Instruments were deployed to continuously monitor vent fluid temperatures, flow rates, and chemical properties. Scientists also used newly developed samplers to collect fluids at regular time intervals. While these instruments were in place, other researchers made acoustic images of vent structures and venting fluids. Still others used the Autonomous Benthic Explorer (ABE) to measure water column properties above the vent field, seafloor depth, and magnetic signatures.
Later in the program, the team deployed a systematic array of current meters, thermistor strings, magnetometers, and tilt meters. Scientists even tested techniques to “eavesdrop” on the data being collected and download it without removing the instrument from the vent. The result of this collective effort was the most comprehensive study of a hydrothermal system to date, and a model for future seafloor observatories.
As we develop these new techniques and instruments, our ability to explore ongoing seafloor processes will grow. More than a quarter-century into our studies, we still find ourselves constantly revising and refining our ideas about hydrothermal systems.
At the same time, as we home in on the fine details of how these systems work, we continue to find new sites that completely break the mold. As recently as December 2000, researchers diving in the Mid-Atlantic discovered “Lost City,” a vent site located far away from the ridge axis, on old rather than nascent seafloor crust, and with 15-story-high white minaret-like structures made of carbonate—a mineral that is not found at most other known vent sites.

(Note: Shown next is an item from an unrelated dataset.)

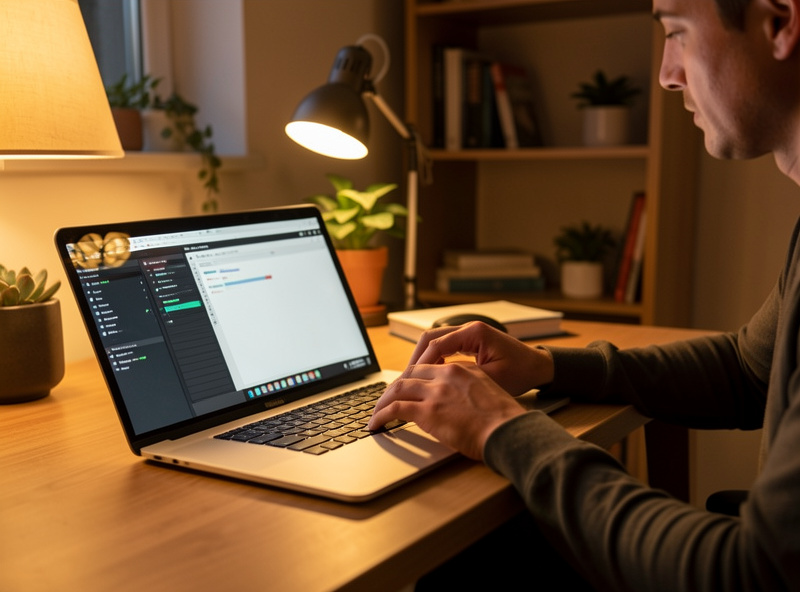Person at a home office desk configuring network settings on a laptop in warm evening light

So after 32 dives to the seafloor to study vents, I am often still surprised, and I am always awed. Even when I return to a vent site that I’ve visited before, I still find it an unbelievably beautiful sight to watch jets of hot fluid mixing with seawater, and unusual organisms that make their homes near these vents. Like my colleagues, I look for ways to make our studies more precise, more methodical, and more continuous. But 20 years after my first dive, I still enjoy seeing it all live. It’s the difference between watching a movie of a waterfall and standing next to one.
Seawater percolates through permeable seafloor crust, beginning a complex circulation process. The seawater undergoes a series of chemical reactions with subsurface rocks at various temperatures and eventually changes into hydrothermal fluids that vent at the seafloor.